It is then, said Douthat, that sycophancy fails.

“It doesn’t matter if you were acting on his orders; you will be punished for that unsuccessful service just as surely as if you’d tried to thwart his aims,” said Douthat. “… That’s the position [former Homeland Security head Kristi] Noem found herself in after the immigration enforcement debacle in Minneapolis. The fact that the sweeping crackdown in Tim Walz’s state and Ilhan Omar’s city was almost certainly what the president wanted earned the former South Dakota governor no political protection after it all went wrong.”

More recently, it was also the position Bondi found herself in, despite having dutifully carried out Trump’s bidding with the Epstein files and political prosecutions.

“The unpopularity of the former and the courtroom losses of the latter transformed her from sycophant to scapegoat, even though at every step she was expressing Trump’s own wishes,” said Douthat. “Likewise, when Hegseth reportedly told the president “let’s do it” in the run-up to the [Iran] war, he was merely being an enthusiastic yes man for a bellicose boss.

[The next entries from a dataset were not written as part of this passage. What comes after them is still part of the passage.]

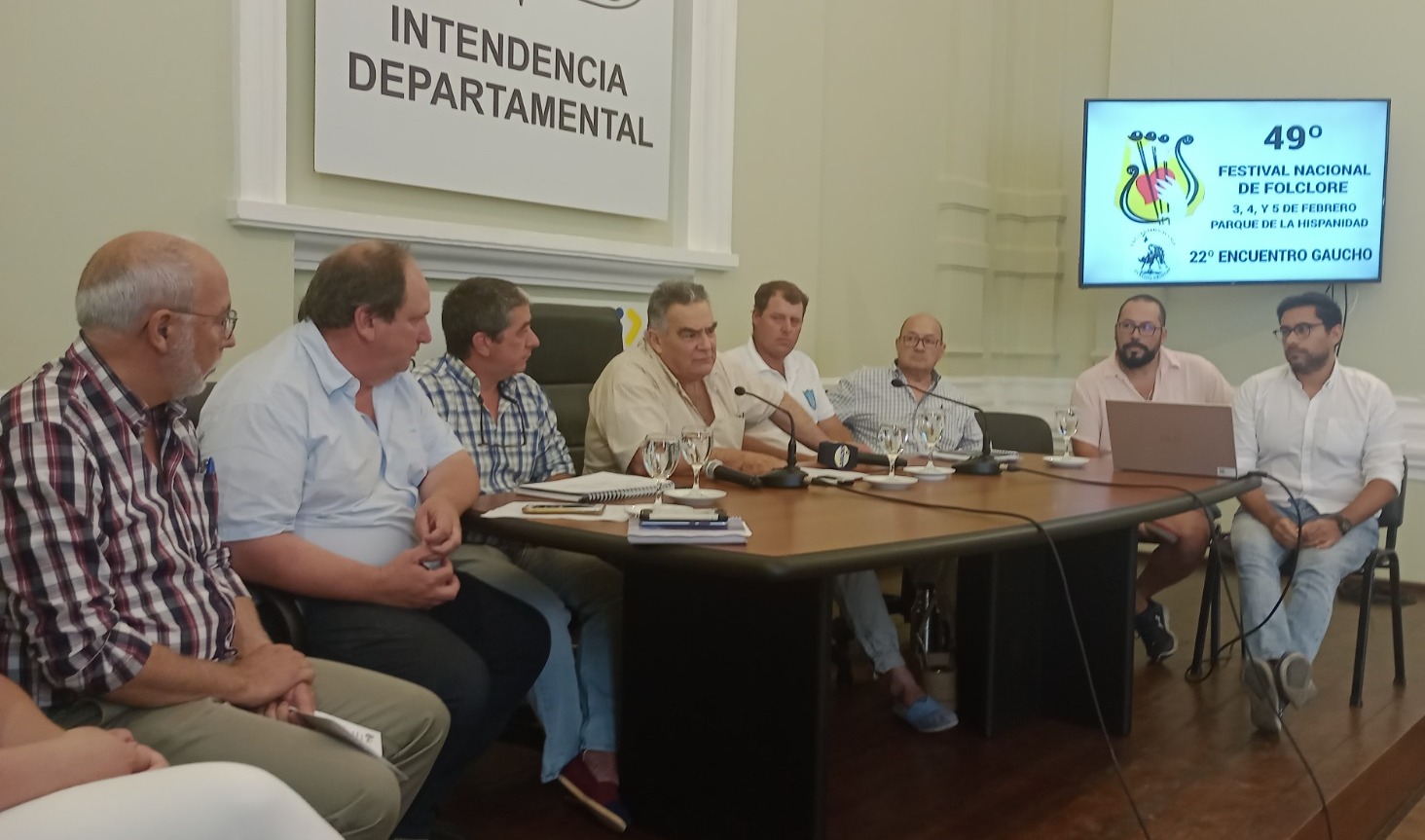 Lanzamiento Festival y Encuentro Gaucho 20223 Prensa IDD 2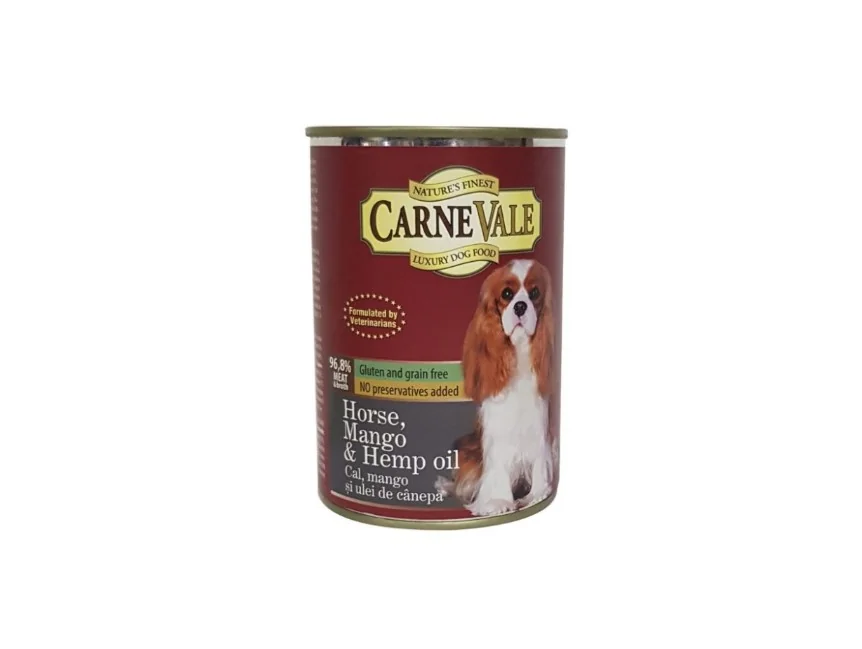 Carnevale Dog Conserva Cal/Mango/Ulei Canepa 400 g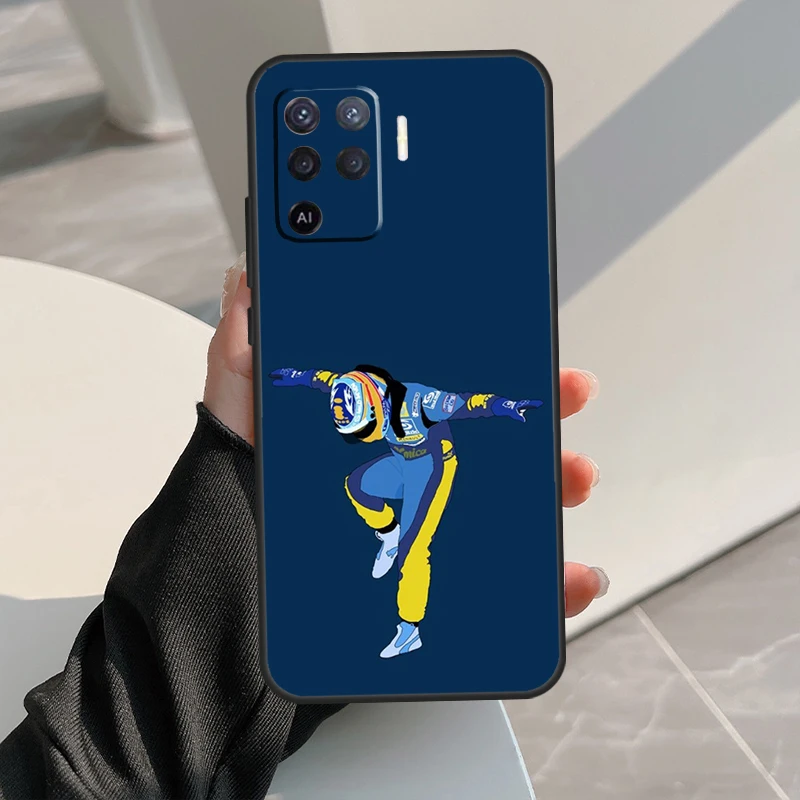 Fernando Alonso Inspired Phone Case - Sleek and Durable Design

But there’s no reward for being a loyalist if Trump’s grand plans don’t actually work out: In that case, you own the failure, not him.”

But Douthat said there were options for sycophants with a shred of intelligence.

“Hegseth, if he had the sense God gave a goose, could have tried to steer Trump to a purely military campaign against Iran — bombs and missiles without the strikes that targeted its leaders — satisfying the president’s hawkish impulse without putting the Iranian regime’s back against the wall,” said Douthat.

Bondi, instead of scatter-gunning a legion of hard-to-prosecute lawfare vendettas against Trump’s perceived enemies, could have focused her efforts on one particular political prosecution and lowered the goalpost enough to get the ball over.

“[But] these alternate scenarios are implausible, of course, because they envision hacks and yes-women suddenly discovering a different set of capabilities,” said Douthat.